HISTORIAS DE PAO CHENG
Experimentos sociológicos y mutantes
Demian Marín
Ya se ha visto, y cada vez más, los mundos posibles después del apocalipsis. La pregunta no es por qué se siguen escribiendo novelas postapocalípticas, sino, más bien, qué hay en ellas que nos gusta tanto. Metro 2033, del escritor ruso Dmitri Glujovski, es una de esas novelas clásicas de ciencia ficción que describen un Moscú destruido por bombas nucleares y biológicas, cuya sociedad sobreviviente se ha refugiado en una de las redes del metro más profundas del mundo, asegurando con esa profundidad que la radioactividad no logre alcanzarlos.
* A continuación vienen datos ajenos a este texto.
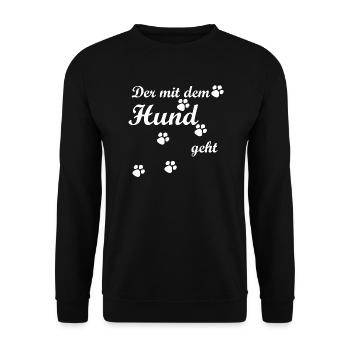 Der mit dem Hund geht Geschenk Hunde Pfoten - Unisex Pullover - Schwarz - Vorne - Alina (178cm) & Michal (187cm)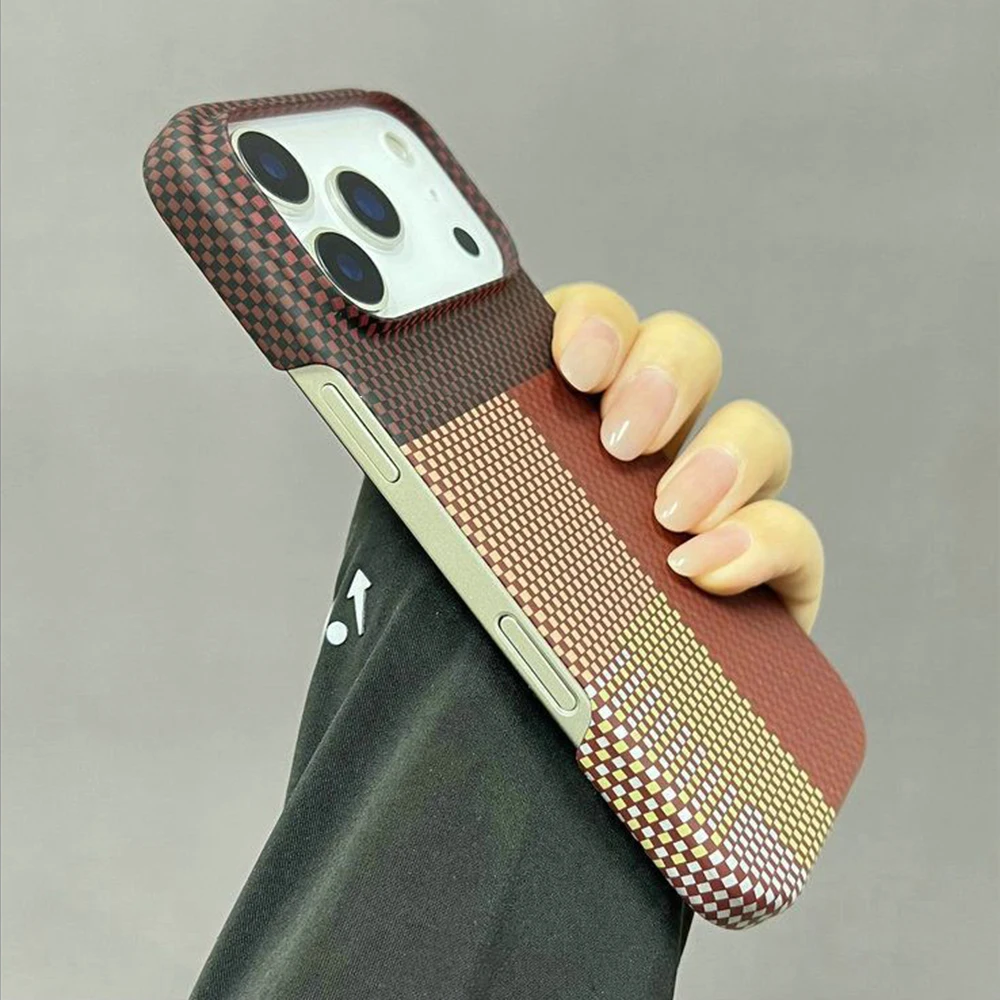 Luxus Magnetische Carbon Faser Muster Dünne Fall Für iPhone 17 Air 16 15 14 Plus 13 12 Pro max Für Magsafe Harte Rückseitige Abdeckung Shell Image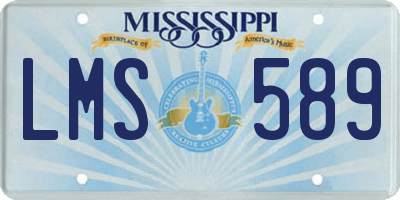 MS license plate LMS589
Por momentos, la escritura de Glujovski nos representa una humanidad más cercana a ratas de alcantarilla que a un grupo de seres pensantes organizados para sobrevivir y recuperar la vida de antes en la superficie. El salvajismo amenaza por todas partes, y los habitantes del metro, para evitar caer en él, se aferran a viejas y nuevas ideologías de organización social. Las sociedades asentadas en las diferentes estaciones del metro se convierten, así, en interesantes experimentos sociológicos. Hay, por ejemplo, estaciones fascistas, comunistas y religiosas, existen lugares donde gobiernan los satanistas, que buscan llegar al infierno por medio de excavaciones, o aquella alianza de estaciones que se rige por sistema de castas. Y en todas ellas, la precariedad.
El protagonista de esta novela, el joven Artyom, sigue un camino del héroe clásico, el cual lleva a los lectores a conocer, junto con el personaje, los distintos sistemas de gobierno que hay en las estaciones, que se ven amenazados, aun sin saberlo, por un posible ataque de unos extraños mutantes que habitan la superficie. En su misión por salvar de algún modo a las sociedades sobrevivientes del apocalipsis, Artyom encuentra a personajes diversos, incluidos algunos stalker (hombres que suben a la ciudad a recuperar objetos y alimentos necesarios para la subsistencia en el subsuelo). Como dato curioso, esa palabra, stalker, es un neologismo aportado a la lengua rusa por los hermanos Strugatski en su novela Pícnic extraterrestre y reforzada por la adaptación cinematográfica que hiciera Tarkovski.
La novela es oscura. Glujovski sabe transmitir esa atmósfera de permanente penumbra que habita las estaciones, algunas de ellas carentes de luz eléctrica, así como la que se vive en los negros túneles que las conectan, donde acechan peligros desconocidos. Ese es el motivo por el cual los sueños, las premoniciones y el pensamiento mágico ocupan un lugar muy importante a lo largo de toda la trama. La razón se encuentra en constante diálogo con la superstición.
Un elemento que destaca de Metro 2033 es la ausencia casi total de mujeres. Los personajes son hombres, la trama es muy masculina. Acaso ese sería el punto flaco de la novela. Sin embargo, no deja de ser atractiva y, como buena literatura de ciencia ficción, inquietante. Se recomienda leer con un mapa de la red del metro de Moscú a la mano.